Skattejakten
- Author: Margit Sandemo
- Language: Norwegian
- Genre: Mystery novel
- Publisher: Bladkompaniet AS
- Publication date: 1999
- Media type: Print (hardback)
- Pages: 124
- ISBN: 82-509-4205-1
- OCLC: 185761447

= Skattejakten (novel) =

1999 novel by Margit Sandemo

Skattejakten (in English The Treasure Hunt. This novel has been translated into English) is a Norwegian novel containing clues to a real-world treasure hunt. It is written by the author Margit Sandemo. The novel is only 124 pages long, and is possibly the shortest book the author has written. Skattejakten has not been reprinted after it was first published in 1999.

Below is an English translation of the Norwegian cover text:

Oslo, 1958. Mattis is a poor student from Lofoten. Then he meets Flora, daughter of the manager Flaten, and he falls in love with her. The manager promises that he will get Flora, if he can find the gold treasure from the days of the Second World War. Mattis didn't suspect that he was being used. But during his mission he runs into Ina, and is thrown into an incredible hunt for both treasure and love. Hidden mysteries in the novel contain the answer to the hiding place of a real treasure. This novel contains all you need to find it.

Come along to the exciting treasure hunt by Margit Sandemo. You may even find a gold treasure worth 250,000 kroner!
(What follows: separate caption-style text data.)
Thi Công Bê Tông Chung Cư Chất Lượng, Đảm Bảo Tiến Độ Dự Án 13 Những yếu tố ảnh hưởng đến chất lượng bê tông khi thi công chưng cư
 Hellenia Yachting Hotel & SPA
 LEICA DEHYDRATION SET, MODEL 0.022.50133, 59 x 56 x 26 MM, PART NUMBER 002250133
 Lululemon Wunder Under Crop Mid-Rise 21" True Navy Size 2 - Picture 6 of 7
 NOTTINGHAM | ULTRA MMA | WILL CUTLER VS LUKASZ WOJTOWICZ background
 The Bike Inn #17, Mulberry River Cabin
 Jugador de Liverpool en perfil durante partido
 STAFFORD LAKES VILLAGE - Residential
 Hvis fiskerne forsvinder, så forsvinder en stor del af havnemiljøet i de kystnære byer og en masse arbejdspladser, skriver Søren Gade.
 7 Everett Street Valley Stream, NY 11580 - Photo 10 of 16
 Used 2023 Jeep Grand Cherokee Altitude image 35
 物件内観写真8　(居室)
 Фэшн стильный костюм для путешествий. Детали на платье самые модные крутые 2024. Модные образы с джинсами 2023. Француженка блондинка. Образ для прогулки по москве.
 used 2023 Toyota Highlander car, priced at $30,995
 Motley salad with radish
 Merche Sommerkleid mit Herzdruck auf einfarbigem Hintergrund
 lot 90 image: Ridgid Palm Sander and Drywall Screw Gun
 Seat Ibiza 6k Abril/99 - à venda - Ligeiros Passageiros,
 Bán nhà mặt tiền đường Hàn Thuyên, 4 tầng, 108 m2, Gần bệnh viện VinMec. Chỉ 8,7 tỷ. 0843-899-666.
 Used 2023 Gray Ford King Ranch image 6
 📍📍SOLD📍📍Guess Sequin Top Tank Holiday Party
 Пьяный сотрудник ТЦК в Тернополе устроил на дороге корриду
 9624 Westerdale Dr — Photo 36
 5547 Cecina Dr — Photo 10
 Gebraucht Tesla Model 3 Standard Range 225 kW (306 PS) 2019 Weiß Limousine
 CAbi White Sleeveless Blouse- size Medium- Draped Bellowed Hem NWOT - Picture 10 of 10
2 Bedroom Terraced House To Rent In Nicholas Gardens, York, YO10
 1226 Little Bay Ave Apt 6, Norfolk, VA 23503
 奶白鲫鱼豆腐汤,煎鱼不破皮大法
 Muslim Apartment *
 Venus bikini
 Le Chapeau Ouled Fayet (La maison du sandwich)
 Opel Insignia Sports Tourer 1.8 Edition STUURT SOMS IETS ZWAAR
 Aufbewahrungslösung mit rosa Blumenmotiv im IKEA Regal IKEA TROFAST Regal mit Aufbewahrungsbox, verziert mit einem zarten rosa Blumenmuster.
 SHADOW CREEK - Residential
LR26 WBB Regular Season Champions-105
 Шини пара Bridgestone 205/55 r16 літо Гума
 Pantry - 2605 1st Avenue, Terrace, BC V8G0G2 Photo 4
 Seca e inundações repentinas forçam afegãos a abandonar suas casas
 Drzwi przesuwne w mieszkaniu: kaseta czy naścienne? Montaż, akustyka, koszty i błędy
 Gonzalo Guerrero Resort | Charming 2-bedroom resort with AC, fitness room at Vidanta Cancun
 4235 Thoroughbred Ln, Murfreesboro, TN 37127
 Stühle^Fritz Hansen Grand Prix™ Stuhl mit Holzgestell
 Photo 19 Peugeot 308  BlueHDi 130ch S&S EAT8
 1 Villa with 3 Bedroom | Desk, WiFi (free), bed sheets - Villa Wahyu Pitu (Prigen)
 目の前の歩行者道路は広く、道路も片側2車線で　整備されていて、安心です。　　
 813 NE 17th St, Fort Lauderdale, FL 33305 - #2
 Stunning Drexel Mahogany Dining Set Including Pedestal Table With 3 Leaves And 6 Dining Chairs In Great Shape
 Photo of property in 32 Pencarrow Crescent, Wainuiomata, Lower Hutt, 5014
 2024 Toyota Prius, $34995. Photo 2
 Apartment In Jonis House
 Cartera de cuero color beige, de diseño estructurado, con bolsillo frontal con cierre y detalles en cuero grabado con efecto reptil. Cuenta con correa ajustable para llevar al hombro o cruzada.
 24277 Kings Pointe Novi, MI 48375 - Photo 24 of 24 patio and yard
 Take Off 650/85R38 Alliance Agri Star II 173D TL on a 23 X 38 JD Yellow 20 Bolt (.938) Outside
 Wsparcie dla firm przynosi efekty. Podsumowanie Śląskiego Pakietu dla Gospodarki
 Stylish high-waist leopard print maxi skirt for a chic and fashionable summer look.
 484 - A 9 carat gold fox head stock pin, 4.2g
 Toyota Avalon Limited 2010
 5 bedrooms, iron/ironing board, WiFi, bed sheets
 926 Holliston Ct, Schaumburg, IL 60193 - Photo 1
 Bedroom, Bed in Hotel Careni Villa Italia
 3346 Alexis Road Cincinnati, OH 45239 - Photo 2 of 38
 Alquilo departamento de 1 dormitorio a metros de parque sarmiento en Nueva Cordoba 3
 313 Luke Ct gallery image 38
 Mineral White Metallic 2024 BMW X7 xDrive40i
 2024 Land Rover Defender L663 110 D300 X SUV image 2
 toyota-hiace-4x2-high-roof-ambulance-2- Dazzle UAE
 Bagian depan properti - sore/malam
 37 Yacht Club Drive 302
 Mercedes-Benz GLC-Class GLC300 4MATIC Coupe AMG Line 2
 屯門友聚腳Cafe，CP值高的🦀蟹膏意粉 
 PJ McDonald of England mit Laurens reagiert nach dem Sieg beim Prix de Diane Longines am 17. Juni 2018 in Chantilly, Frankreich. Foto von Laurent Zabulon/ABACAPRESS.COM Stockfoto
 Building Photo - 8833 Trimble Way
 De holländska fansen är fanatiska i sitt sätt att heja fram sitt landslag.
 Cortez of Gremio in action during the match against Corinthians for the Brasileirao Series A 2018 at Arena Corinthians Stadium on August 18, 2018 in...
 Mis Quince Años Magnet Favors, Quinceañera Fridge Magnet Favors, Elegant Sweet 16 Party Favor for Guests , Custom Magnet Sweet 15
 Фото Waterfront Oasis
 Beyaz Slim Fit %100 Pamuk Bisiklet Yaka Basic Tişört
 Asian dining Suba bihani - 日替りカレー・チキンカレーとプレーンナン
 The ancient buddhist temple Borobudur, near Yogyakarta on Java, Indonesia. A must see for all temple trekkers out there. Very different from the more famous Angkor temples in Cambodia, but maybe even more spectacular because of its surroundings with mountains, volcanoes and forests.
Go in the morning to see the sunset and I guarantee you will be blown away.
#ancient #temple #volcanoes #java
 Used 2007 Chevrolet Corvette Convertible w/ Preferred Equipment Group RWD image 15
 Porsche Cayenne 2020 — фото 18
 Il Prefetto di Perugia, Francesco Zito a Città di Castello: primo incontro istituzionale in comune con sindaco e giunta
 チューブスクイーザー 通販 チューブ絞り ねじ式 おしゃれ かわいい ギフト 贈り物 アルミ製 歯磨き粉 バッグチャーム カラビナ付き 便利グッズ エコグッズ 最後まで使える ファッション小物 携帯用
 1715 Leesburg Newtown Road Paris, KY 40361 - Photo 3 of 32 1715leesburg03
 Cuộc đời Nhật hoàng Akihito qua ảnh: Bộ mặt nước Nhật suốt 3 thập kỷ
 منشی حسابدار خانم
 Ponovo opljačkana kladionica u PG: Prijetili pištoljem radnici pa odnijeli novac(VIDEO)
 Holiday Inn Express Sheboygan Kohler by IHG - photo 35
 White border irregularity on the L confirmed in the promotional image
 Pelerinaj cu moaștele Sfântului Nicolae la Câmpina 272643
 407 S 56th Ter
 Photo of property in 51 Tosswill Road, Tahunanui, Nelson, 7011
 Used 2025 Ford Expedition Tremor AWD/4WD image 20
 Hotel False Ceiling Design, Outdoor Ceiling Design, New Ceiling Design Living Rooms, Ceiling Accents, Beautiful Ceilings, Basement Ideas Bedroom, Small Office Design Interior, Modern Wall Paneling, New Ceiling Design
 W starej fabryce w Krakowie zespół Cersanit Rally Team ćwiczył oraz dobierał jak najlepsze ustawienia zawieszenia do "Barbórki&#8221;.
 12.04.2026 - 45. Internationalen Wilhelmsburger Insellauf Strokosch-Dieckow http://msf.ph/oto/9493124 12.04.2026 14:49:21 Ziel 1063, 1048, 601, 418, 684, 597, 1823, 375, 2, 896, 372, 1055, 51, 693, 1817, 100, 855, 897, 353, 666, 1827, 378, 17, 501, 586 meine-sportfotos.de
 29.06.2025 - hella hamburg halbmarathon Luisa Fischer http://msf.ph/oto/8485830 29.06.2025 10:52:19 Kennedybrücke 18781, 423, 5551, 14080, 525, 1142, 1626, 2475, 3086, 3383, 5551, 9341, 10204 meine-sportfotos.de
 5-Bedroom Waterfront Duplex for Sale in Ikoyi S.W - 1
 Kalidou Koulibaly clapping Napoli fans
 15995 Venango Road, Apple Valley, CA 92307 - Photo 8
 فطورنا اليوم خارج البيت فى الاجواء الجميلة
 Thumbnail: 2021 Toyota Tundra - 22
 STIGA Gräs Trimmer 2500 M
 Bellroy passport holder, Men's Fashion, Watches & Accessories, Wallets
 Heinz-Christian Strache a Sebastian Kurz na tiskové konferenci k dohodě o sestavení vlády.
The book was written as a set of riddles that would lead the treasure hunters to the treasure hidden by Bladkompaniet AS, the publisher of the novel. Competitors searched for the treasure, which had been hidden somewhere in Norway. In the "treasure", a telephone number was hidden, which the lucky winner called to claim the prize. The treasure was found 11 October 1999. Margit Sandemo said in a TV-interview that even she hadn't known where the treasure had been hidden.